The entire table (and neither in height nor in width) did not fit into Habratopik, but the complete file with 1000 entries
is in Google Docs . The data is relevant for today, July 21, 2011, for another couple of months, or even half a year, they are unlikely to change significantly.
I could not resist building a couple of charts and graphs, although everyone can use this data freely and at their discretion.
Even with the usual sorting columns up and down, you can observe interesting details.
For example, sorting entries by the number of friends, we find that the most friends are not
navalny , who has 10,000 of them (although the limit for mere mortals on LiveJournal is 5,000 friends), and for some user
inexi , who has 20624.
Or, for example, we sort by the number of blog entries. Most of them nastruchil of course
cypa , well, who else? Since 2003, he has made 43,390 entries.

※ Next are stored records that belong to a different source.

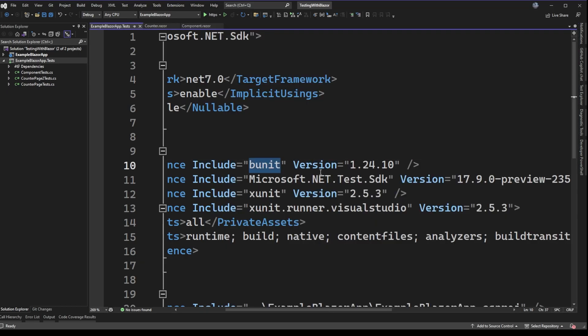BUnit is the new addition for testing our Blazor components. We use BUnit because it allows us to actually render the components and check out the visual state of those components in code. This is a really good opportunity to pause, because a lot of the time people struggle with writing unit tests for visual or GUI frameworks — whether it's WPF, Blazor, or anything else.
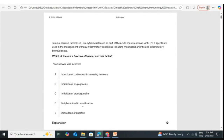Peripheral insulin sensitization: we have not come across TNF blockers or TNF agonists as a treatment for type 2 diabetes. Peripheral insulin sensitization is a mechanism by which we target type 2 diabetes — type 2 diabetes is a condition of insulin resistance. Peripheral insulin sensitization is actually the mechanism by which metformin acts, so TNF does not have a role here.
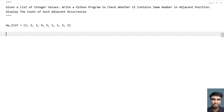Hey guys, welcome to my YouTube channel. In this video, let's try to solve a Python program. So given a list of integers, write a Python program to check whether it contains the same number in the adjacent position.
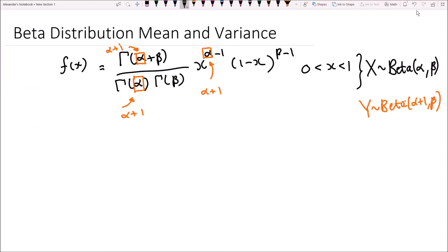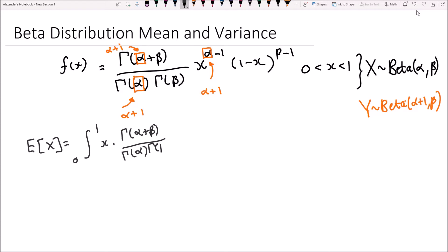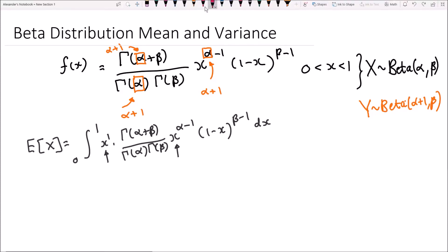So let's start with the expected value of x. The expected value of x is always defined as the integral over the entire support from 0 to 1 of x multiplied by the probability density function — so it's x times gamma of alpha plus beta over gamma of alpha times gamma of beta, multiplied by x to the power of alpha minus 1 times 1 minus x to the power of beta minus 1, all times dx. We see we have x to the power of 1 and x to the power of alpha minus 1, so we want to combine these and write the exponent as alpha plus 1 minus 1.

And when reverse sorting, we immediately find a curious bot -
blog_d_medvedev . From the day it was created in 2009, this pseudo-browser has not made a single entry in its blog, but 5,816 people have added it as a friend. Obviously some kind of robot, apparently just a toy in the wrong hands. Surely it didn’t go without muhlezh - friends marathons, rating cheating, vote rigging - all matters.
Continuing the sorting, we learn that the oldest blog, which got into the TOP1000, was created on March 31, 2000, and the youngest - three months ago, in April of this year.

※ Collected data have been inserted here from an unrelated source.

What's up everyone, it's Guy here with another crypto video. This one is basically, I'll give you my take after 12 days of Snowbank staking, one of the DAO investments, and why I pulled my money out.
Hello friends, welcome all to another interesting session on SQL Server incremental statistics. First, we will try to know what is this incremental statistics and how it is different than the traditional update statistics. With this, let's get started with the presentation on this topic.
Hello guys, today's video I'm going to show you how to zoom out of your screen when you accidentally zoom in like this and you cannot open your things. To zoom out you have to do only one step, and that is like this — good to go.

Also in TOP-139 Basic Account (Basic), 560 Paid Account (Paid), 15 Permanent Account (Permanent), 284 Plus Account (Improved) and one Early Adopter (and who is this at all, by the way?

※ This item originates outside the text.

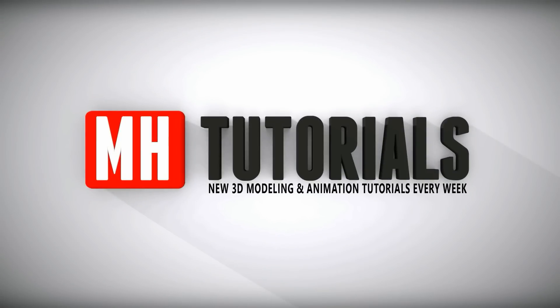Thanks for watching. Before you go, please hit that subscribe button. See you guys next time. Bye.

billycorgan - what does he do in the Russian top if he lives in the USA and writes in English?).
It turns out - not so many paid accounts in the first 1000. Just over half of all.

Or, for example, a breakdown by country:

In short, you can think of a lot of work for analysts, statisticians, various specialists in promoting anything and other curious idlers.
At first I thought to make this service online and constantly updated, but then I decided that for the daily 1000 requests to the LiveJournal server (more precisely, even more) I would not be stroked over my head with my robot. So, limited to one-time statistics.
The statistics file is welcome for distribution, no restrictive copyright is provided for it.
UPD: I would be happy if you tell me how you can allow any user to sort the columns in Google Docs, but do not allow him to change the results, i.e. distort the data itself.
In any case, the file can be saved to your computer from the File-Download As-Excel menu, and you can sort where you want at home in Microsoft Office.